Campaign’s sister title Marketing has just published a feature asking marketers about creativity. Turns out clients are calling time on the notion that creativity comes from people called creatives sitting in creative departments in creative agencies. Forget that. We’re all creative now.
So Nick Jones, the head of digital and CSR at Visa, says: "Creativity is not just for the pullover-wearing Shoreditch crowd. No disrespect. Others can develop creativity." Matt Barwell, the chief marketing officer at Britvic, echoes that: "The most commonly held misconception about creativity is that only a lucky few are capable of conceiving innovative ideas." Dominic Grounsell, the global head of digital marketing at Travelex, goes further: "The most pernicious myth we continually propagate is that creativity is limited to people who work in creative departments.

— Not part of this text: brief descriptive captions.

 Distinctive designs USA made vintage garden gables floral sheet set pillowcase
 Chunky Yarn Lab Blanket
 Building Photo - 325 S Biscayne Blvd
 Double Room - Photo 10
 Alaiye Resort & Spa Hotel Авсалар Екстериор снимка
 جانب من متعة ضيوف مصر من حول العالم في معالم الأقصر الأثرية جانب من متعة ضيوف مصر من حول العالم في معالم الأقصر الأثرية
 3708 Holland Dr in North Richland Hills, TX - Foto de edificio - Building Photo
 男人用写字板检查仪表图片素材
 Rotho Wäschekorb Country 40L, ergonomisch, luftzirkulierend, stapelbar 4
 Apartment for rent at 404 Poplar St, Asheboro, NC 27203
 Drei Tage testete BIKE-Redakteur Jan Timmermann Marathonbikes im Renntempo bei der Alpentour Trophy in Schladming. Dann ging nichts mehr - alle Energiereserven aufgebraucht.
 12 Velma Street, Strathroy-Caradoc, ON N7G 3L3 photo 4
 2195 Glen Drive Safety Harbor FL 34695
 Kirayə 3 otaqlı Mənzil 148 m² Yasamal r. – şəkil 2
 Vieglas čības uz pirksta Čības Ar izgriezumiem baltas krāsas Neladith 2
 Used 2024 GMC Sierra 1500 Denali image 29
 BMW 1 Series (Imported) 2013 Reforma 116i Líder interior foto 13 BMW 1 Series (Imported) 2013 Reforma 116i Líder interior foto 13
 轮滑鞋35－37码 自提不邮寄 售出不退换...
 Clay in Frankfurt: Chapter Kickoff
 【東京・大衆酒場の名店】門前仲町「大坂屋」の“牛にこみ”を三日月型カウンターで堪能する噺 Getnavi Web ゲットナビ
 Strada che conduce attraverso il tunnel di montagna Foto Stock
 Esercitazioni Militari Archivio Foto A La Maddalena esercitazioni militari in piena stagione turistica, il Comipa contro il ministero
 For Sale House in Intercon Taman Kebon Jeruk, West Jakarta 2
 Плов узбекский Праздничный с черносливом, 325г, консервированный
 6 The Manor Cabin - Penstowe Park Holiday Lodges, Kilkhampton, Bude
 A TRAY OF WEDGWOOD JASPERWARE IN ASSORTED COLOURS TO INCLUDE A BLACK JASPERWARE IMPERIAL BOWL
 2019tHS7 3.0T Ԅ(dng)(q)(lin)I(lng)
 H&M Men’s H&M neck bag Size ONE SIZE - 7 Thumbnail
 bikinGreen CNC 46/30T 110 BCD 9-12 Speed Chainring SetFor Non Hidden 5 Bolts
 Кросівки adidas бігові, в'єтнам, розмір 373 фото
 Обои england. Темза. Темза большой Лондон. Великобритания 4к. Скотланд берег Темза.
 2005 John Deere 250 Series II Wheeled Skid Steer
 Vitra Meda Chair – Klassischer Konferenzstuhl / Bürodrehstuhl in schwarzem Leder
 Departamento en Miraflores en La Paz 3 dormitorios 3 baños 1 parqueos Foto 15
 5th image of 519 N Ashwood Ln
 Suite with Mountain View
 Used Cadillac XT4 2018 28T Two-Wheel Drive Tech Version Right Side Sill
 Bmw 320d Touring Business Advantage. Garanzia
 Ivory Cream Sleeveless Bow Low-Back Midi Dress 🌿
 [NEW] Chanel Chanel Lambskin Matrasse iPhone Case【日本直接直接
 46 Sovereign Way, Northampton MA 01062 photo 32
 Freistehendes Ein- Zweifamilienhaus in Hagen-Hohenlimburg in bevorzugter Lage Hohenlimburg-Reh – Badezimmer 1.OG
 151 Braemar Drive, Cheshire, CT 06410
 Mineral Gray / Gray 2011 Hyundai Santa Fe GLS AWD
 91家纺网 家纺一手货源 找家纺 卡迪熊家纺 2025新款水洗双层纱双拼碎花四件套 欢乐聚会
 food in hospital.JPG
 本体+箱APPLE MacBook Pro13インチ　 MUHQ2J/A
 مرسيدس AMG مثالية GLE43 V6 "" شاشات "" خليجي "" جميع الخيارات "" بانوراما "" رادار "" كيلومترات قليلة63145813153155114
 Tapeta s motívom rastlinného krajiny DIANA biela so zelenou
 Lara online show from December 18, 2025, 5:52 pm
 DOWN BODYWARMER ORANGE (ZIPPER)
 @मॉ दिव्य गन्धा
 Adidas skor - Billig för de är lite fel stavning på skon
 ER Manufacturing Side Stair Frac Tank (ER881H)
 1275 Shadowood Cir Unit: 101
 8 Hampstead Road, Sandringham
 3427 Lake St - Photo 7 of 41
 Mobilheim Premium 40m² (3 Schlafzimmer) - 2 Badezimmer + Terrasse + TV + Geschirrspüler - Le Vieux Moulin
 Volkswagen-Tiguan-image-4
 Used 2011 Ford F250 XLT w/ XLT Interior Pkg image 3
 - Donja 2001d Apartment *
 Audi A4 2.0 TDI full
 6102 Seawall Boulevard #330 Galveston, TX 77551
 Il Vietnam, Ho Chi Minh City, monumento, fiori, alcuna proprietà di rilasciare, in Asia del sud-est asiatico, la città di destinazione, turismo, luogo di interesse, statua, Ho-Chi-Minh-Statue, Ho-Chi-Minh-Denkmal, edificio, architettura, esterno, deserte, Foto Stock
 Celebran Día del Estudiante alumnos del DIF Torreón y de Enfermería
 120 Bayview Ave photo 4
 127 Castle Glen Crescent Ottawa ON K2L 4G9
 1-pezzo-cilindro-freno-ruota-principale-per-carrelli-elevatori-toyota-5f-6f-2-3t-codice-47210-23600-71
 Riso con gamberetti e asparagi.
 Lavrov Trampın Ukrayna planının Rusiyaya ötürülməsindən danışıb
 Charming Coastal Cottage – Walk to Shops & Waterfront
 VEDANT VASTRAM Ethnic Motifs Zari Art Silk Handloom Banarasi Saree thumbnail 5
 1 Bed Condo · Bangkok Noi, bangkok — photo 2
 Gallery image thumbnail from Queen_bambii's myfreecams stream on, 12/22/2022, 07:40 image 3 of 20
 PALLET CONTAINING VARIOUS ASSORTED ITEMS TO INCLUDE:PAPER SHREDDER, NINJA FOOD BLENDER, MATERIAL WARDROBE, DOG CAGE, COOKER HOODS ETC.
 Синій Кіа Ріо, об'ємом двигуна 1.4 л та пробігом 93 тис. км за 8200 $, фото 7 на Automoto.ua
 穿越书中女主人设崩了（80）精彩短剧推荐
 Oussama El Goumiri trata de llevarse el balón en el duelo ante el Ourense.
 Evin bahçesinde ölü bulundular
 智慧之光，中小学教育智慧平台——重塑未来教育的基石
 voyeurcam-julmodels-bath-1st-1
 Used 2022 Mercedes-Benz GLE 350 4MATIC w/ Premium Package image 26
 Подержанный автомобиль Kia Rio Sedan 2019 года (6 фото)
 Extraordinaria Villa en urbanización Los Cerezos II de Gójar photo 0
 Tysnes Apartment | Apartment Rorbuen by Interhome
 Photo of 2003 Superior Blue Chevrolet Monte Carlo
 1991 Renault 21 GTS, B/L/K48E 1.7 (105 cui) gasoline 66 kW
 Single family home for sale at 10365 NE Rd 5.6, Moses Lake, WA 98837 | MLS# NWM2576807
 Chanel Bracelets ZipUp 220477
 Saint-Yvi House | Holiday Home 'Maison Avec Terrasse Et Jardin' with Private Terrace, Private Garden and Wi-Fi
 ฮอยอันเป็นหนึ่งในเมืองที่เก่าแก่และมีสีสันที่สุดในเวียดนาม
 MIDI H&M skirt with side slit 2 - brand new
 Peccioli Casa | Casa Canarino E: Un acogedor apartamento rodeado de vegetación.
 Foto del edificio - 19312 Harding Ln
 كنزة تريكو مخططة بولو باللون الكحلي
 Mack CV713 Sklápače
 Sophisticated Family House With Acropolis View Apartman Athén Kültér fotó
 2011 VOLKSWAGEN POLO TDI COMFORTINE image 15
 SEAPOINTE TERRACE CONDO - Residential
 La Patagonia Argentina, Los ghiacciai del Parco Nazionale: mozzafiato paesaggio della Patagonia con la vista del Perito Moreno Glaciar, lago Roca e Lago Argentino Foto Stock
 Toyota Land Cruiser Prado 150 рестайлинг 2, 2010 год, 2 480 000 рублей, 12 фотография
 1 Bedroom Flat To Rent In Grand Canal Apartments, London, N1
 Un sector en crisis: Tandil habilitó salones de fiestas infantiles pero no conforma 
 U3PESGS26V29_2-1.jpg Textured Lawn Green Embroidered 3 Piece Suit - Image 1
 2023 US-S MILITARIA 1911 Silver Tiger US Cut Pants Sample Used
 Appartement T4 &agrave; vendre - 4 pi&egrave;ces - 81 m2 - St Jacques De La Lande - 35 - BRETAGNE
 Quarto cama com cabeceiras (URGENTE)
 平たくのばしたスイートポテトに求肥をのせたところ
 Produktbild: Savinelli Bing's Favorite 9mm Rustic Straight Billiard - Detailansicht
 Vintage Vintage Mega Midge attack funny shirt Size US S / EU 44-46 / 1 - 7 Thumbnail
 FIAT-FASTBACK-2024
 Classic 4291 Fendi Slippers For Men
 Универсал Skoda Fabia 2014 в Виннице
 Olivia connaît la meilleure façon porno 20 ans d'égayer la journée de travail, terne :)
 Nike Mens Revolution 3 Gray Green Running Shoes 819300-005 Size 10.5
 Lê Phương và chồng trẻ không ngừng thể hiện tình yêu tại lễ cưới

This is often backed up by the supporting myth that creatives are somehow different to the rest of us and should be treated as such.
The world has moved on and it’s time we stopped thinking and acting like we’re in the era of Mad Men."
Just because standout creative thinking can come from a marketer and a media agency, doesn’t mean it will
Whatever your view, there’s no sign yet that inviting more people to make a creative contribution will result in better, more effective work. In fact, so far, there’s rather more evidence to suggest the opposite. Mind you, lots of work produced by creatives sitting in creative departments in creative agencies continues to be pretty mediocre too.
Of course standout creative thinking can come from a marketer, a media agency, a CRM specialist. But just because it can, doesn’t mean it will. And with more constituents believing they have a right to be creative, it’s more important than ever to be able to recognise a really powerful creative idea when you see one and feel empowered and confident enough to dismiss the rest.
Anyway, all of this leads me to an interesting development in the US, where Coca-Cola is reviewing a portion of its $400 million media planning and buying account and has invited Ogilvy & Mather to pitch against media shops, including its sister agency MediaCom, for a slug of the business.
If creativity is being democratised, then so too are plenty of other previously specialised tasks. Media agencies can do creative thinking and execution; and, increasingly, creative agencies reckon they can do media thinking. If you were in any doubt that there’s a brutal turf war going on, here’s your evidence.
Assuming quality is maintained, there are some exciting opportunities ahead. The question remains, however, whether the erosion of dedicated specialisms will improve anything other than the cost line.